Finché quest’acqua nervosa e scura ci vorrà portare in braccio addormentati senza tremare, figlio. La paura non avrà porte.
E adesso che il vento cambia – e da ghibli si fa pigro scirocco – credimi se ti dico che il mare non risponde perché non sa, o forse ha imparato e sta muto per non ferire.
E se la muffa che imputridisce il legno marcito si arrenderà se la Signora cannibale mi porterà a fare un giro lungo cento volte cento i passi seminati per il mondo, tu lascia che la chiatta sia un guscio che culla al mio posto.
Così la paura non avrà porte in questo barcone di sogni in cui abitano cinquecento miraggi, tutti diversi e tutti uguali cinquecento colati a picco e pochi altri che si ostinano a volare.

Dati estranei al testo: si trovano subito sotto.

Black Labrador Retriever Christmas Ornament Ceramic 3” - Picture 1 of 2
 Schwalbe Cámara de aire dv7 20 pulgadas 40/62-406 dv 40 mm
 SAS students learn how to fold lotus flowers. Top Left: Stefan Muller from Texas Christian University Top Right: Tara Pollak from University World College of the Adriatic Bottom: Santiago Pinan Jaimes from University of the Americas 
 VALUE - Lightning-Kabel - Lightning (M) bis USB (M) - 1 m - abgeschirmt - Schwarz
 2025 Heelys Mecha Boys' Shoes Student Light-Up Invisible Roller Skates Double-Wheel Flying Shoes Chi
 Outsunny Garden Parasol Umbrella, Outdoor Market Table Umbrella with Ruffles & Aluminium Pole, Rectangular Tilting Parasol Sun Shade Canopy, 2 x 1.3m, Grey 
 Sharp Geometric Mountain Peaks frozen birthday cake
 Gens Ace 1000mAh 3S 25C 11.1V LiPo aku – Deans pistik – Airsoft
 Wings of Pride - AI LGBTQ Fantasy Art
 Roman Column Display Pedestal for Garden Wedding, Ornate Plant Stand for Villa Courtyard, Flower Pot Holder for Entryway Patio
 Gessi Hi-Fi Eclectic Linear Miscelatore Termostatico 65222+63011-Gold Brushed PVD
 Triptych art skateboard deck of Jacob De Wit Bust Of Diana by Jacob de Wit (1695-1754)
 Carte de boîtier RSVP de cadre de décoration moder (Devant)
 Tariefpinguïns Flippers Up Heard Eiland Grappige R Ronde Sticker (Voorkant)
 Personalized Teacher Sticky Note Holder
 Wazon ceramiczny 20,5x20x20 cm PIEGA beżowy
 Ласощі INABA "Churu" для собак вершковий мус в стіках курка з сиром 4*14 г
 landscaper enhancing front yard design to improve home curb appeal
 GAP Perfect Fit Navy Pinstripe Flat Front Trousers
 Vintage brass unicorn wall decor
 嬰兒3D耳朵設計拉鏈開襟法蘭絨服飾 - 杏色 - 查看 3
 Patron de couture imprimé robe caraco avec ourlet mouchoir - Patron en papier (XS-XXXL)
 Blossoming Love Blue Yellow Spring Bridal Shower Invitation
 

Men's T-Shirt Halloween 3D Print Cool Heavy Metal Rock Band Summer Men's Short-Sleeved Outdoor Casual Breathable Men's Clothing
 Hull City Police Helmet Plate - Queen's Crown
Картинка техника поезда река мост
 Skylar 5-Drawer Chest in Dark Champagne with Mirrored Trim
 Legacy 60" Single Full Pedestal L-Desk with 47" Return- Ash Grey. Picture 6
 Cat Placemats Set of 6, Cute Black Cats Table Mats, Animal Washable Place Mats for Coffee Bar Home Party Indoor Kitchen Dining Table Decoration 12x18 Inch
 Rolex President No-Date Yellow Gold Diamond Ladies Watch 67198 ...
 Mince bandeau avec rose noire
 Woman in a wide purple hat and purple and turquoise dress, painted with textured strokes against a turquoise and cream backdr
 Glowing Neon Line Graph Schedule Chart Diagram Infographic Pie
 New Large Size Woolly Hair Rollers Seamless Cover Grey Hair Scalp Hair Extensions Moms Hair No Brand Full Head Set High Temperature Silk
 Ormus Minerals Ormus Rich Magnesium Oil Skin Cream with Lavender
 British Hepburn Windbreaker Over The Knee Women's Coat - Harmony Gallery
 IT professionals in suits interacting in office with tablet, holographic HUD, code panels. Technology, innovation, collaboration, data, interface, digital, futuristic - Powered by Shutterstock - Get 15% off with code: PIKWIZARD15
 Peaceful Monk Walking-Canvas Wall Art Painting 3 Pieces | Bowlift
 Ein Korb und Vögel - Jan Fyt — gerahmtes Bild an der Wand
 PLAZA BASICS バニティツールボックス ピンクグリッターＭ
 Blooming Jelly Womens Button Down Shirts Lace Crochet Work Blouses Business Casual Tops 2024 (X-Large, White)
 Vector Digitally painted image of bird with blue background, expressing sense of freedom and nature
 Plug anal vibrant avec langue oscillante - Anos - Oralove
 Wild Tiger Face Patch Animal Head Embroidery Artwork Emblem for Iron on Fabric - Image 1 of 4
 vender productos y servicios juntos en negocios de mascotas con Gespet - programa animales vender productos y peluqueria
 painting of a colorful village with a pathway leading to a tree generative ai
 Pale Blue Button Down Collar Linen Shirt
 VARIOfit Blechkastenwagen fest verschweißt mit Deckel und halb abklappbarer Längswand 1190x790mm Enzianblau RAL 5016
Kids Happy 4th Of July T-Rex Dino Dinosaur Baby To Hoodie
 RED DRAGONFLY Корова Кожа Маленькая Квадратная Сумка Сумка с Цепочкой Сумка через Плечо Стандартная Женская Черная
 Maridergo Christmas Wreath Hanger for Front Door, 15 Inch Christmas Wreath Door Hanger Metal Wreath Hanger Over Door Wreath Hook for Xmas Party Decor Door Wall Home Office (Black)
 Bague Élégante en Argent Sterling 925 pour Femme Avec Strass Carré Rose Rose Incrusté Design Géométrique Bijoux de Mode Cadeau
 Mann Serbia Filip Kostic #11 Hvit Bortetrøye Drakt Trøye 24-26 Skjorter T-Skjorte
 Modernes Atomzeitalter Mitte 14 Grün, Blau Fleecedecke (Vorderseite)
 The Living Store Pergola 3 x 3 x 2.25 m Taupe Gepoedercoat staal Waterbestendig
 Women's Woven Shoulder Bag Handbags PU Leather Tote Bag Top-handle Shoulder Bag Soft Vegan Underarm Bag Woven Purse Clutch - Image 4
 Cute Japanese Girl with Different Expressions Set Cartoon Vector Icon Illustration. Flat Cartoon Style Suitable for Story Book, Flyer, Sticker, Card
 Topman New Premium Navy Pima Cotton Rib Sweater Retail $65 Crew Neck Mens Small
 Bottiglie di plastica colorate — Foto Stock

Oggi non so più che giorno sia, quanto pane ci getteranno i lupi, o se soltanto una lacrima d’acqua potrà bagnarti le labbra, ancora, ma io ripeto il mio canto, canto che batte i suoi colpi, che insiste e questo mare non ti mangerà come un pesciolino seccato al sole.
Forse la prima cosa che vedrai sarà una divisa indulgente o l’albero dei bergamotti narrato nel maqamat dei padri.
Forse, pensa amore, la prima cosa saranno baci non miei baci di un altro colore, dolci come paste di mandorle speziati come la tristezza.
E adesso che il vento si alza e scuote, e spaventa, che la decima notte trasforma l’acqua in melma d’olio
e la fa granito e sepolcro, ragnatela e roveto io ti ripeto ancora che la paura non avrà porte.
Che sarà serrata ai margini di un ricordo buono frantumata da carezze, seminata come briciole nel bosco.
Sull’orlo di un mondo giusto che spetta a tutti o a nessuno.